In CP/M-86, Concurrent CP/M-86, Personal CP/M-86, S5-DOS, DOS Plus, Concurrent DOS, FlexOS, Multiuser DOS, System Manager and REAL/32 as well as by SCP1700, CP/K and K8918-OS, CMD is the filename extension used by CP/M-style executable programs. It corresponds to COM in CP/M-80 and EXE in DOS. The same extension is used by the command-line interpreter CMD.EXE in OS/2 and Windows for batch files.

==Binary format==
A CMD file has a 128-byte header, followed by 1–8 groups of code or data. Each group can be up to 1 megabyte in size. In later versions of the format, CMD files can also contain relocation information and Resident System Extensions (RSXs).

The start of the header lists the groups present in the file, and their types. Each type can be used at most once. They are:

1. Code
2. Data
3. Extra
4. Stack
5. User 1
6. User 2
7. User 3
8. User 4
9. Shared Code (Code and Shared Code cannot be present in the same file).

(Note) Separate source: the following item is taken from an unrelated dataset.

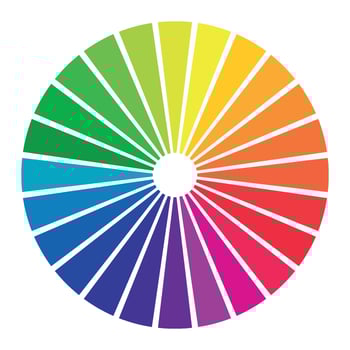 Colour wheel 24 colours. Circular rainbow. Infographic. Colouristics. Oswald's circle vector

The first 256 bytes of the data group must be zero. They will be populated by CP/M-86 with the zero page (comparable to the Program Segment Prefix in DOS). If there is no data group, then the first 256 bytes of the code group will be used instead.

==Name conflict==
Under OS/2 and Windows NT, the .CMD file extension is associated with batch scripts for their command processor CMD.EXE. Since binary code will not be executed this way, attempting to run CP/M-86 CMD files under the CMD command processor will not work, but typically only cause mild inconvenience to users. The executable loader and relocator in CP/M-86 and related operating systems can test the first byte in the file, which happens to be the type byte of the first table entry in a CP/M CMD file, to have a value of 1 to 9 before accepting it as a valid CP/M CMD file. ASCII values smaller than 10 are rarely or never used in batch scripts, so that this scheme gives reasonably good protection.